We trained our actors at the Olympic Stadium. Everyone saw the production, and they were all interested. So we got people volunteering to act as prisoners, along with the main characters. Our actors were also very professional. They didn’t mind getting hurt with the stunts as we had to keep retaking scenes until we get the best shot.
You see, we spent two to three years doing it, and now, it has become the first local Cambodian film on Netflix. It just proves that it was right that we took the big risk. Everyone was so passionate in being part of this first step of introducing action genre to Cambodian moviegoers. We all worked so hard for the film.
GoodTimes2: The genre of the film was really new to Cambodia. How did you market it?
Loy Te: There were lots of stuff going on in marketing and public relations. We actually started advertising before we even started shooting. We also released photos and videos online of the behind-the-scenes. We produced contents every month to keep people updated and keep them interested. Also, it helped that we have famous stars on our film.
Also, a video game developer made a game out of our story. We agreed for them to get the full story, and they released a video game. It really was beneficial that we started marketing the film very early. It reached wider and bigger audience.
GoodTimes2: Are you releasing new films soon?
Loy Te: There will be two films coming up soon. “The Prey”, is a big action film with Thai and Chinese actors and well-known Khmer actors. We just finished shooting it in April in Koh Kong province. The story is about a manhunt, like a game for prisoners in the jungle.

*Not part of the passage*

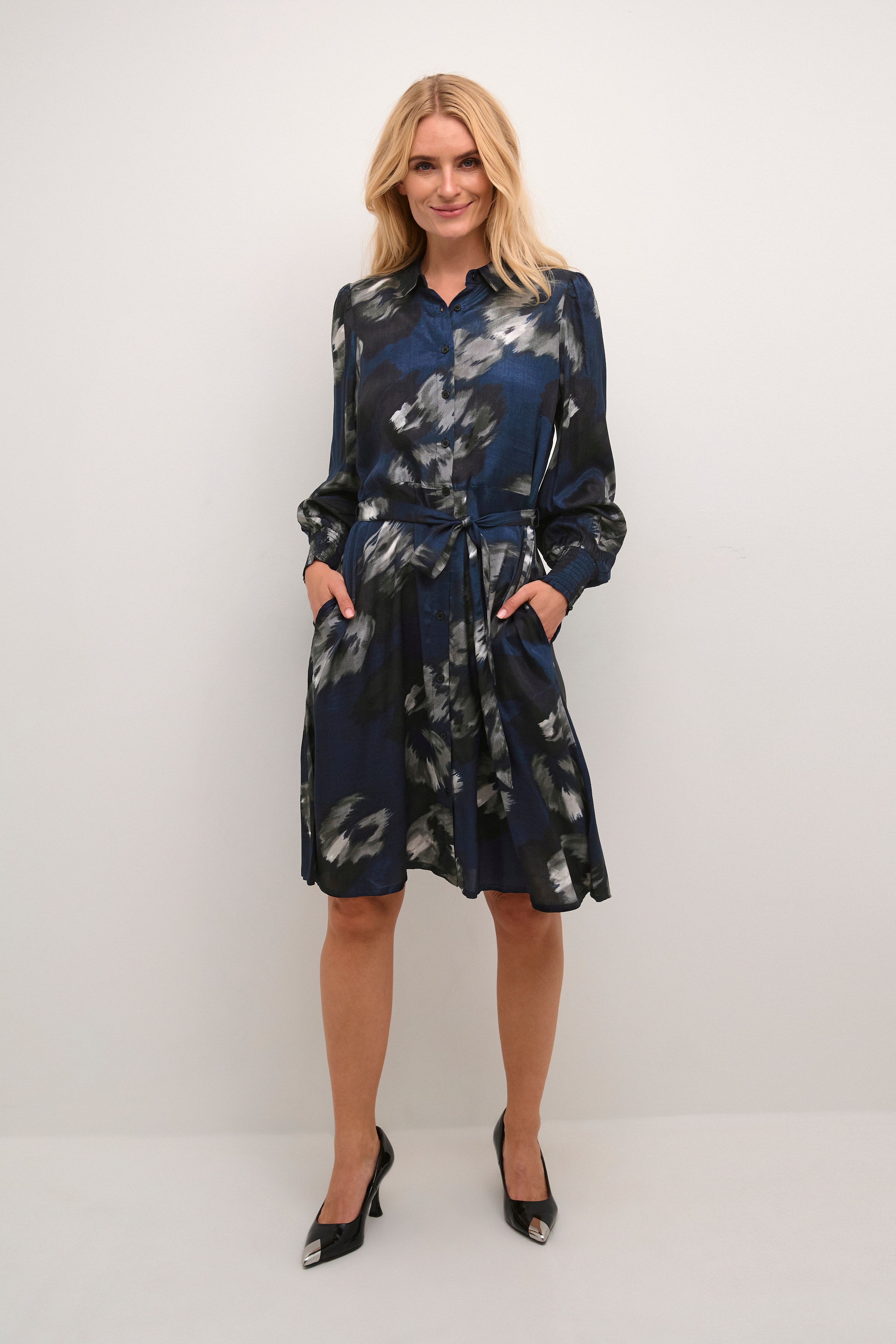 KAlouisa Kjole LOOKBOOK FRONT 10508099-105456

Another film we’re doing now is a romantic comedy. It’s a high school love story, like having your first crush. The film is directed by Rithy Lomorpich, founder of Bonn Phum. She will be working with book author Manith. It’s exciting and fun.
GoodTimes2: The film industry around the world has boomed tremendously. But a serious problem continues to persist – piracy. How does this affect Cambodian cinema and film artistry?
Loy Te: It’s is a very big problem in the industry. In the case of Jailbreak, we had a high investment on the film. When we released it to cinemas in the country, it wasn’t enough to cover all that we spent for the production. So we sold it to film distributors in other countries like Germany, Australia, South Korea and China to be able to get the money back. However, we saw videos of the full film on streaming sites that were not legal. The videos were even of the highest quality. They were in full HD in torrent sites. Within one week, the film was translated to Chinese and Filipino. And then a week after, DVD copies of the film were sold in the Philippines. Here in Cambodia, people started to watch and share it on Facebook. We were very sad about it. I mean, it was good that many people could watch it. But they were watching the film in illegal ways. There was no way filmmakers could benefit from piracy. We were just thankful that Facebook shut down the accounts bearing the pirated videos.
It also became a challenge to get the Netflix deal because of piracy. Our deal with the company is that it gets an exclusive right for online streaming. But the Jailbreak is already everywhere. We were really scared that it would affect the negotiations. Thankfully, Netflix pushed through with the deal. It’s really hard for filmmakers, actors, producers and those involved in the industry to have their works being pirated.
In Cambodia, the market is just very small compared to other countries. While others have hundreds and thousands of cinemas, Cambodia only has 40 big screens. If people pirate our works, how else can we survive?